### Task input ###

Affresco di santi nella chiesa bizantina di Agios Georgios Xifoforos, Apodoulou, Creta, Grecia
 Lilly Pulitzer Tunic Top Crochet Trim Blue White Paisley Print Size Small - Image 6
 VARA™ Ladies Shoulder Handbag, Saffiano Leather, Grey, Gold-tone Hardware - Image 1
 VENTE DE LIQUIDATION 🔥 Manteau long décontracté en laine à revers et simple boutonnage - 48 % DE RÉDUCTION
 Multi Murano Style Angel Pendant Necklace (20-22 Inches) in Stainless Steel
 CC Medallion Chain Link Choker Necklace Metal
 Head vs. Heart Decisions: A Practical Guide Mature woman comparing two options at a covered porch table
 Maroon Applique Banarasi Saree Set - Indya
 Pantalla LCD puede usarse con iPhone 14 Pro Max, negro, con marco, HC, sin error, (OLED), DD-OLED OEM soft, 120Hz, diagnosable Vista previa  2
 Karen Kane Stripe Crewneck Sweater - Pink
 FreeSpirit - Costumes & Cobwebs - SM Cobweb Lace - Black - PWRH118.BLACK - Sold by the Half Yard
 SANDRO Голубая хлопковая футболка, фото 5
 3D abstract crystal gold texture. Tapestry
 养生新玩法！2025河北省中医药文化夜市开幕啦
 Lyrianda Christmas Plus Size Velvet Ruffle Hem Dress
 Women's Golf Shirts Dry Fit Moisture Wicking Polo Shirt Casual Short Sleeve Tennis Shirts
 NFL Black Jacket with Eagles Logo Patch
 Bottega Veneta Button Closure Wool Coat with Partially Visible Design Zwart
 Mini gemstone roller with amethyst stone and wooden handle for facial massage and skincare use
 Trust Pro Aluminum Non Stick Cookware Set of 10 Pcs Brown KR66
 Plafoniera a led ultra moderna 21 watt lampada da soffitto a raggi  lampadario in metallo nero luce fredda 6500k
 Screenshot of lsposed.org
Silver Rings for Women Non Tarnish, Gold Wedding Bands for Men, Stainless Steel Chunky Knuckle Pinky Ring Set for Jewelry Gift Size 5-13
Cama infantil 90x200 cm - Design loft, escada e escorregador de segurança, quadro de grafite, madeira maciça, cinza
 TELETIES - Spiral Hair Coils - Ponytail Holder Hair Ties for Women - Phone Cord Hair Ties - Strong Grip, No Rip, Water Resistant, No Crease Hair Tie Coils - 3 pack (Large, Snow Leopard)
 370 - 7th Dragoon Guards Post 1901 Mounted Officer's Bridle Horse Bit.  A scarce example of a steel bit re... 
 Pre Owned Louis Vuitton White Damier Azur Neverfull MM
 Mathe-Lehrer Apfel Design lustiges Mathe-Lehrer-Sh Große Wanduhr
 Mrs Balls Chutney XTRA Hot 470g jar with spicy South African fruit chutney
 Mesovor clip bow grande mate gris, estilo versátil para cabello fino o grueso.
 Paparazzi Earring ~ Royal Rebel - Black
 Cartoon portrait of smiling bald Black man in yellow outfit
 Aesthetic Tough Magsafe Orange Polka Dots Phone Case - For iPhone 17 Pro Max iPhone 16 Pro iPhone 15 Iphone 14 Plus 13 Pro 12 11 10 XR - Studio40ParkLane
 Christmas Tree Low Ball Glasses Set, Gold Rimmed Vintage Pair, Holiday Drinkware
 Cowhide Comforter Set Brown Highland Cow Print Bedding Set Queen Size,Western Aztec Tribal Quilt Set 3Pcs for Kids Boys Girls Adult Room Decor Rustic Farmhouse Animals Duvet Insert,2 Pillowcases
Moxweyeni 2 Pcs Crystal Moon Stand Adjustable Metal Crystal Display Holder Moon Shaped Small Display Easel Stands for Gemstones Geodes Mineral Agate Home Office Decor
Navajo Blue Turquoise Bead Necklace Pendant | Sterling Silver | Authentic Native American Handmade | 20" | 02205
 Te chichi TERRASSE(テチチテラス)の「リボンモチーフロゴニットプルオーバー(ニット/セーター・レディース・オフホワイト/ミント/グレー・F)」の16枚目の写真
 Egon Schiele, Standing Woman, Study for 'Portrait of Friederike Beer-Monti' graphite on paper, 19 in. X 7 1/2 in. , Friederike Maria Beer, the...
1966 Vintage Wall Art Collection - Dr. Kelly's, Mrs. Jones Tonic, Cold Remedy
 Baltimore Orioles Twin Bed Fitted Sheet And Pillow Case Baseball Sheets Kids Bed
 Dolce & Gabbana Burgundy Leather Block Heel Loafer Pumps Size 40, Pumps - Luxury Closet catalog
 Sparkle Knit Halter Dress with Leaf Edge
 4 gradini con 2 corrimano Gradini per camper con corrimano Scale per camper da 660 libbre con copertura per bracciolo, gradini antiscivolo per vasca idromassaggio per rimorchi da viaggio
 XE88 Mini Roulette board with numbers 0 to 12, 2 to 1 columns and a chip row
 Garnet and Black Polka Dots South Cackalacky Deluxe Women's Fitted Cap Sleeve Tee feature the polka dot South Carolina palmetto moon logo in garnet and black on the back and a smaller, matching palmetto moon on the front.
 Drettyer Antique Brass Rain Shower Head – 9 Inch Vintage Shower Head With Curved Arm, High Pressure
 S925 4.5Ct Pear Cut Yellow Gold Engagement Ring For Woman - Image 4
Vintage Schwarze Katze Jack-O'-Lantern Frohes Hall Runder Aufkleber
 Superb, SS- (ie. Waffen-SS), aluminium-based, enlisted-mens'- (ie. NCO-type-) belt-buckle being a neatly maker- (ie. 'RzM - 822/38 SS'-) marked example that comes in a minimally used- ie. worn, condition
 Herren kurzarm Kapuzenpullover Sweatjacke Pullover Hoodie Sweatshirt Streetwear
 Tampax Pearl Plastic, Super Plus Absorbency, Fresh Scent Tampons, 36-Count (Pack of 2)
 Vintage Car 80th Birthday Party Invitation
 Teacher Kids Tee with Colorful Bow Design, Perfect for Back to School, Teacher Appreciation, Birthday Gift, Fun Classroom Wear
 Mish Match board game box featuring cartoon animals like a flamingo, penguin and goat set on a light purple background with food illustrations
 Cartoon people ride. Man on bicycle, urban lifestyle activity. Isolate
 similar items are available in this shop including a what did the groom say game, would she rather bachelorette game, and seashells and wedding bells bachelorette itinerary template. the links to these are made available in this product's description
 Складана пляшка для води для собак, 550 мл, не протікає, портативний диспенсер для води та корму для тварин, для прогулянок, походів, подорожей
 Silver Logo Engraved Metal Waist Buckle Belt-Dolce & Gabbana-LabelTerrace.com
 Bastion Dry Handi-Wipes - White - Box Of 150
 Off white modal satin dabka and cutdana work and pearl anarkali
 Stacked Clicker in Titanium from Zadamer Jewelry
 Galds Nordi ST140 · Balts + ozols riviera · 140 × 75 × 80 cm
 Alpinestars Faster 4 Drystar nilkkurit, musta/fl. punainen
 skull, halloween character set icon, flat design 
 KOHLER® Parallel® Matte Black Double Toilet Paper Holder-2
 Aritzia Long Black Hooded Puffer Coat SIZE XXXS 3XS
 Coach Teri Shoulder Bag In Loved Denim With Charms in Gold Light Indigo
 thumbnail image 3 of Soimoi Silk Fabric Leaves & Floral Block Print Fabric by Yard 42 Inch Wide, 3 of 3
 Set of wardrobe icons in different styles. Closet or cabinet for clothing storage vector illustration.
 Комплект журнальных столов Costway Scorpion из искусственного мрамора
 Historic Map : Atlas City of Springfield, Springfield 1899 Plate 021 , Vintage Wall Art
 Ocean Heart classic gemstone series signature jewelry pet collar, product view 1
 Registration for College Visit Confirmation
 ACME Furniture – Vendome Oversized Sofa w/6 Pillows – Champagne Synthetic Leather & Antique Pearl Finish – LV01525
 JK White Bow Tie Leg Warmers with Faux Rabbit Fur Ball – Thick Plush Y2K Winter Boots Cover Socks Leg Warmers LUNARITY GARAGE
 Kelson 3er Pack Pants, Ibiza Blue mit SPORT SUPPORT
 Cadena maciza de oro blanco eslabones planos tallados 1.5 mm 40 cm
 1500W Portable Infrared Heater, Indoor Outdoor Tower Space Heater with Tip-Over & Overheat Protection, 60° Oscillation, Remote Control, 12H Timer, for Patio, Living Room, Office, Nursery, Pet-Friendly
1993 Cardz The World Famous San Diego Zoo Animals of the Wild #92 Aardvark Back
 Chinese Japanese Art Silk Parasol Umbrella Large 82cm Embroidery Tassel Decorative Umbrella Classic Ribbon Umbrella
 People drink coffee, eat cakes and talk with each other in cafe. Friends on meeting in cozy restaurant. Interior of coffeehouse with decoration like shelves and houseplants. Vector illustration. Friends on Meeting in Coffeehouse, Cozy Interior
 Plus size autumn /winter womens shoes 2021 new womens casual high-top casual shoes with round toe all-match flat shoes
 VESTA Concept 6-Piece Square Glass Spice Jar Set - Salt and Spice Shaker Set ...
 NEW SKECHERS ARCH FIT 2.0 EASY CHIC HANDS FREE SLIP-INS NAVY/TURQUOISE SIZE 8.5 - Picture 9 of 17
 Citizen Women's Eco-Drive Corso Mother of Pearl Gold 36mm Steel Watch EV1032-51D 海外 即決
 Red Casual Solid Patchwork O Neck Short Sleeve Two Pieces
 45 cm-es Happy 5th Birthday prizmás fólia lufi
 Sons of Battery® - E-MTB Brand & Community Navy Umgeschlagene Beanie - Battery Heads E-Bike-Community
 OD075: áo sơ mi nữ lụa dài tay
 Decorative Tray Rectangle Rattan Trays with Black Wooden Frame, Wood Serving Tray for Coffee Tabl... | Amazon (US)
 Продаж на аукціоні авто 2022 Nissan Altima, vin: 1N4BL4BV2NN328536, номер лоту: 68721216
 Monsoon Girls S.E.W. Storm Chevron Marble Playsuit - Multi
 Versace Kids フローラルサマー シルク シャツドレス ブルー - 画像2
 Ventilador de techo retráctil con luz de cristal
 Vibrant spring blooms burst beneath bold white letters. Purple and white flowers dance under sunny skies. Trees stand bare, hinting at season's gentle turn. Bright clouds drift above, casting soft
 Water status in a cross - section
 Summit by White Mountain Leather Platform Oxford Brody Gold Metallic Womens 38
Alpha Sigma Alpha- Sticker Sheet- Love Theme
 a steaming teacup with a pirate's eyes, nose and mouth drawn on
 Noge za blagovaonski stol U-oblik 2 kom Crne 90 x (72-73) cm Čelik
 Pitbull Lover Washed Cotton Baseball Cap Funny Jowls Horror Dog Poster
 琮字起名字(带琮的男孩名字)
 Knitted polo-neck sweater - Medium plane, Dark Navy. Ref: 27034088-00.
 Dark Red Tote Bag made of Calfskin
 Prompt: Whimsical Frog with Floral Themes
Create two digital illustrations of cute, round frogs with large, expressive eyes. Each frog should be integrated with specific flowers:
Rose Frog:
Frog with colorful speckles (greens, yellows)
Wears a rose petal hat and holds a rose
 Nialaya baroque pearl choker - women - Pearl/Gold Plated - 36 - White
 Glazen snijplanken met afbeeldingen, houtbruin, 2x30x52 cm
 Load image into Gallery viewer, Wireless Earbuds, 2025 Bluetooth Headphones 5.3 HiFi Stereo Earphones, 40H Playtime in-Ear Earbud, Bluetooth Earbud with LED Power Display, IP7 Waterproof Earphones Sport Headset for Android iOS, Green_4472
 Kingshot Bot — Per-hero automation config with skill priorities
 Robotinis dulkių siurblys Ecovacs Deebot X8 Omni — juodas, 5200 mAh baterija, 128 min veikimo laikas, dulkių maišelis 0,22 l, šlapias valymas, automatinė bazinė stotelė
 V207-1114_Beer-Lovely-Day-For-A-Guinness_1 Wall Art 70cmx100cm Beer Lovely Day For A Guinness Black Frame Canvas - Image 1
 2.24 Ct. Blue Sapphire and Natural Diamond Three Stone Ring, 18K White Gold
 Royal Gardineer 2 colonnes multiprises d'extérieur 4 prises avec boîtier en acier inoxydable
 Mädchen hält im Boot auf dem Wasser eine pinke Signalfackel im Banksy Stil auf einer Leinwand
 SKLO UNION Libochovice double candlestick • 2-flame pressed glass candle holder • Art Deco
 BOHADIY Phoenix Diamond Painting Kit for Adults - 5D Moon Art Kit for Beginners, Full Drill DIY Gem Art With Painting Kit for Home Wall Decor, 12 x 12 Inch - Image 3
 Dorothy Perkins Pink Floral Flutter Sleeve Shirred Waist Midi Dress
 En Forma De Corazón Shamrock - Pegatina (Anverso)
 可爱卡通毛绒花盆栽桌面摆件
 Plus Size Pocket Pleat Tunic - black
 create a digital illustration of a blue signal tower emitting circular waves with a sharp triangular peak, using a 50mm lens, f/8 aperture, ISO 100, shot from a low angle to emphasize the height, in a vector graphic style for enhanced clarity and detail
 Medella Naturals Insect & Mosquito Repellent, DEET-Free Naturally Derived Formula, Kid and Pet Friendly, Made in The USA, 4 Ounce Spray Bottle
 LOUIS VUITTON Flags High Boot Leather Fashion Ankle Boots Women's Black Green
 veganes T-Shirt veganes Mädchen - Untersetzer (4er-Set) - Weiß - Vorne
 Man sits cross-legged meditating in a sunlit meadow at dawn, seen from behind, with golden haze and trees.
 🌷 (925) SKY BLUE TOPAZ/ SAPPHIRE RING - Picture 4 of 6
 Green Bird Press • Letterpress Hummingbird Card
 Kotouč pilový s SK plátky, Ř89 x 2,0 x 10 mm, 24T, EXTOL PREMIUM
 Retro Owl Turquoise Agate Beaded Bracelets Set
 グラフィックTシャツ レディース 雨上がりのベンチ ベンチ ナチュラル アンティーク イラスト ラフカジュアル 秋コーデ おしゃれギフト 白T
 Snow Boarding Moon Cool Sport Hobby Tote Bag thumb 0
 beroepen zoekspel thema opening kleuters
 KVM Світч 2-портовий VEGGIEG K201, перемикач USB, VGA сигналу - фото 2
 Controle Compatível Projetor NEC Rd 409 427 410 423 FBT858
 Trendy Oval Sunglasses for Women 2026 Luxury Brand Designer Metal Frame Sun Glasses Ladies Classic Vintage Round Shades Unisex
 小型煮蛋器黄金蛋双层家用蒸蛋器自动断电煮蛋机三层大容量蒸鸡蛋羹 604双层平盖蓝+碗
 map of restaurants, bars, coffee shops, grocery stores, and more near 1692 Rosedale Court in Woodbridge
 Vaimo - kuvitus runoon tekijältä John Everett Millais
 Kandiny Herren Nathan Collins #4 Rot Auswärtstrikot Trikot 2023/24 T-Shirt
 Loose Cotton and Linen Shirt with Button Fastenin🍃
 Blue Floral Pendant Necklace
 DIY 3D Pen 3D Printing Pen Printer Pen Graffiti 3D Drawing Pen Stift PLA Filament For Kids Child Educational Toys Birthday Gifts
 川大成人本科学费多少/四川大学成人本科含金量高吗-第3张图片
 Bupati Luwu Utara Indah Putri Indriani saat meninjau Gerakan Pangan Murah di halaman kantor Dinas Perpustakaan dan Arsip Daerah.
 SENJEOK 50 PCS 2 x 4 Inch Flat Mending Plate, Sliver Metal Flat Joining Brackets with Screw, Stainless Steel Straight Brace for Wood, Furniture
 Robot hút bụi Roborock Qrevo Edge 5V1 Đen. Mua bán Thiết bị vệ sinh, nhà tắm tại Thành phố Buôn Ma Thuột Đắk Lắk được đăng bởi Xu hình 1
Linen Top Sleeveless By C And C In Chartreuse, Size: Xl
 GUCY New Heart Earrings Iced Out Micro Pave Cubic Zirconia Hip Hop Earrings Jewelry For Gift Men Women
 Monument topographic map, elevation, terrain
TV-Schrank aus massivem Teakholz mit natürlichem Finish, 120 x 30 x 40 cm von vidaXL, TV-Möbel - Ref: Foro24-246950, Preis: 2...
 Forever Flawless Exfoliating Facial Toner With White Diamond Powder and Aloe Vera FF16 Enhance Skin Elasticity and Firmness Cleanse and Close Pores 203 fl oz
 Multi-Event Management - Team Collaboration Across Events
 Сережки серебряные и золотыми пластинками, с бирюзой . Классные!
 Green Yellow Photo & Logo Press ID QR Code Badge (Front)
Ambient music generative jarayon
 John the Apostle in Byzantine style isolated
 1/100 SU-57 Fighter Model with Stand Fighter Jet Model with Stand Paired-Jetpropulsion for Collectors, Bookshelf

###

● Instructions for the task: Type out again, exactly as written, the lines from the beginning of the material through the one containing "VARA™ Ladies Shoulder".

● Result below:
Affresco di santi nella chiesa bizantina di Agios Georgios Xifoforos, Apodoulou, Creta, Grecia
 Lilly Pulitzer Tunic Top Crochet Trim Blue White Paisley Print Size Small - Image 6
 VARA™ Ladies Shoulder Handbag, Saffiano Leather, Grey, Gold-tone Hardware - Image 1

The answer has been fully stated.